(Provided material Opens)

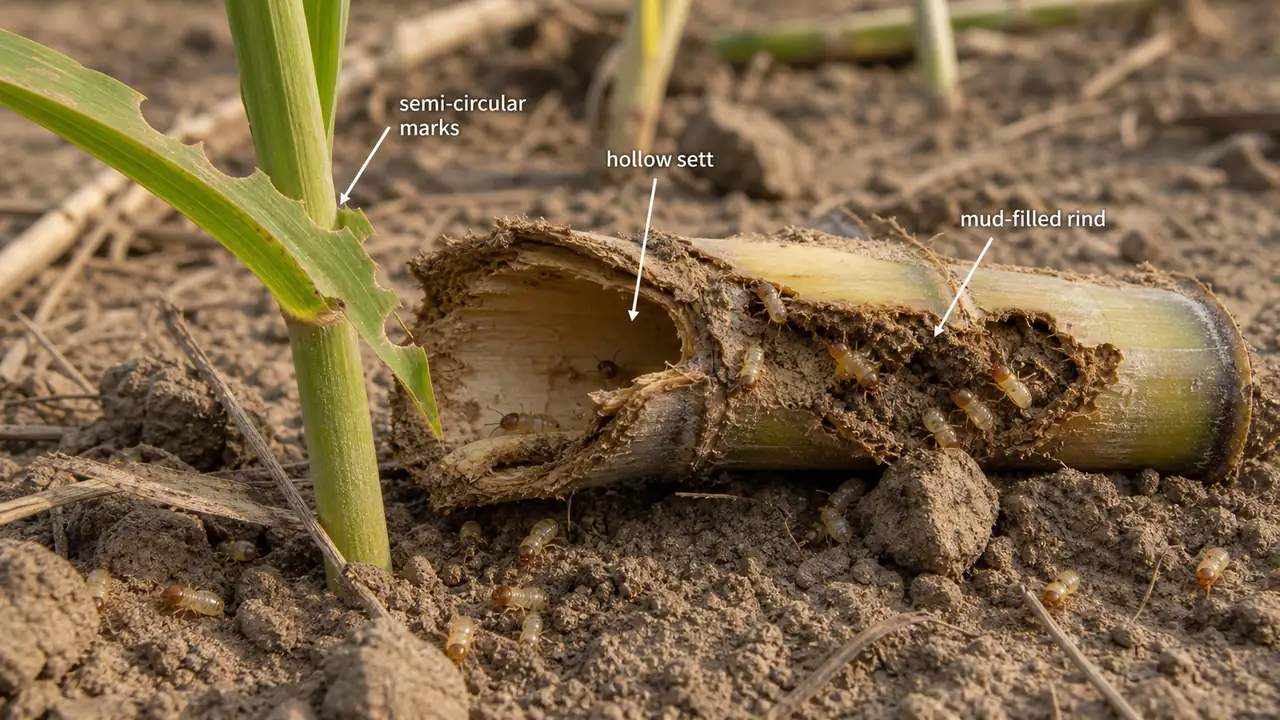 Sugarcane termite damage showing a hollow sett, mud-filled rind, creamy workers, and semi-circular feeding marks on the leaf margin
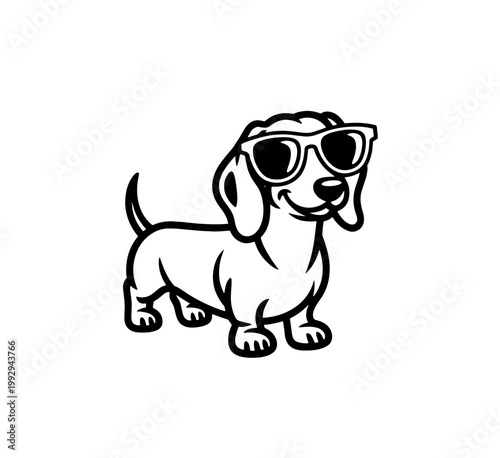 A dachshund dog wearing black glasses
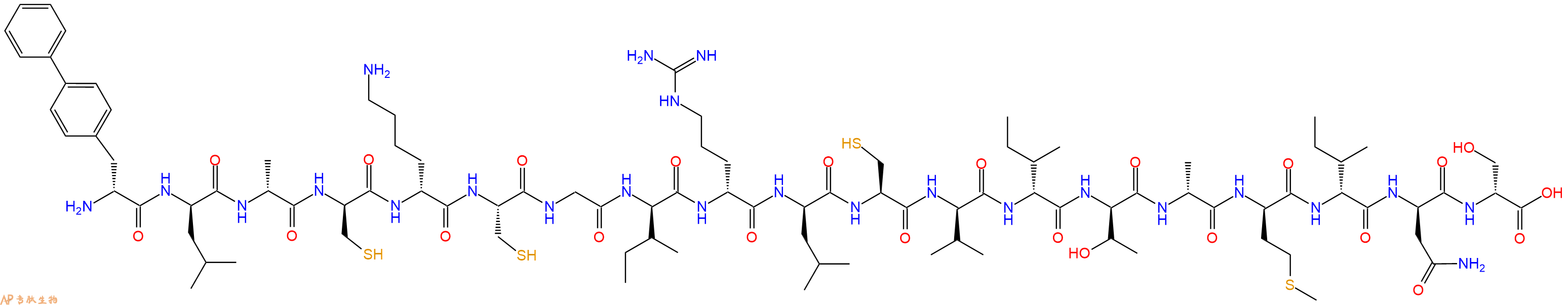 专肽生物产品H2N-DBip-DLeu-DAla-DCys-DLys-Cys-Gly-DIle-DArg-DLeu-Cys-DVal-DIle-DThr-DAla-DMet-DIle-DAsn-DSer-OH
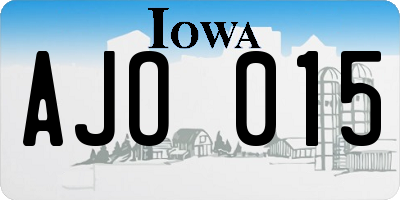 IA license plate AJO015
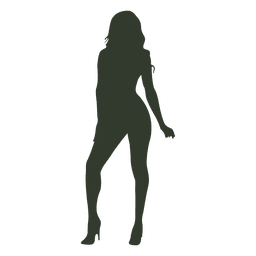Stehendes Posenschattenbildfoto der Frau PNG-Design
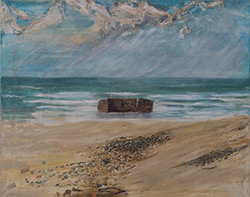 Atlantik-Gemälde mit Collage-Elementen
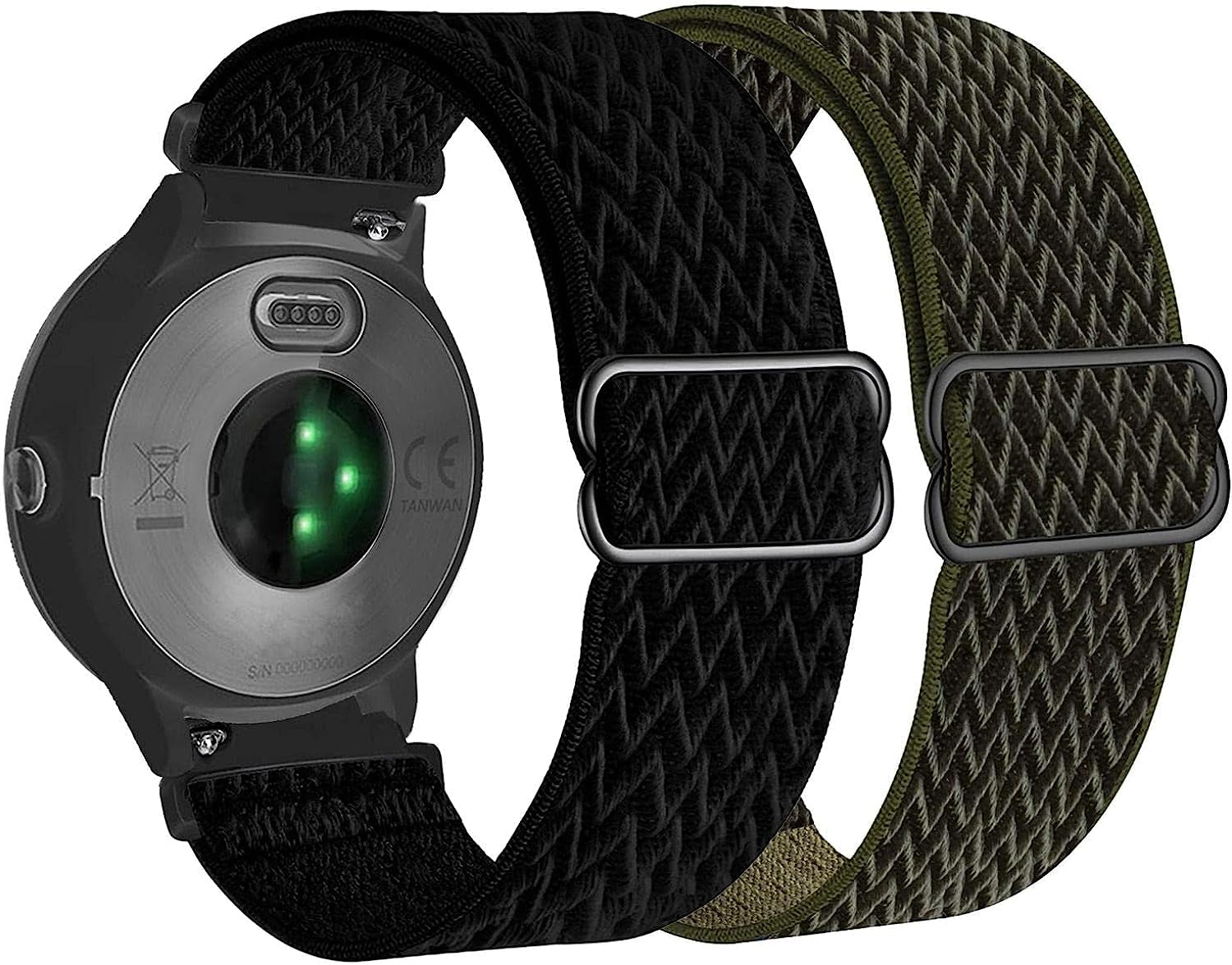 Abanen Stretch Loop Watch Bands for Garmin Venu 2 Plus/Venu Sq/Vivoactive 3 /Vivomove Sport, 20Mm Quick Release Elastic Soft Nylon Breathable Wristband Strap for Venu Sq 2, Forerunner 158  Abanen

(Provided material Closes)

■ Task to complete:
Without including any images, output the data exactly as given.

■ Expected answer:
 Sugarcane termite damage showing a hollow sett, mud-filled rind, creamy workers, and semi-circular feeding marks on the leaf margin
 A dachshund dog wearing black glasses
 专肽生物产品H2N-DBip-DLeu-DAla-DCys-DLys-Cys-Gly-DIle-DArg-DLeu-Cys-DVal-DIle-DThr-DAla-DMet-DIle-DAsn-DSer-OH
 IA license plate AJO015
Stehendes Posenschattenbildfoto der Frau PNG-Design
 Atlantik-Gemälde mit Collage-Elementen
 Abanen Stretch Loop Watch Bands for Garmin Venu 2 Plus/Venu Sq/Vivoactive 3 /Vivomove Sport, 20Mm Quick Release Elastic Soft Nylon Breathable Wristband Strap for Venu Sq 2, Forerunner 158  Abanen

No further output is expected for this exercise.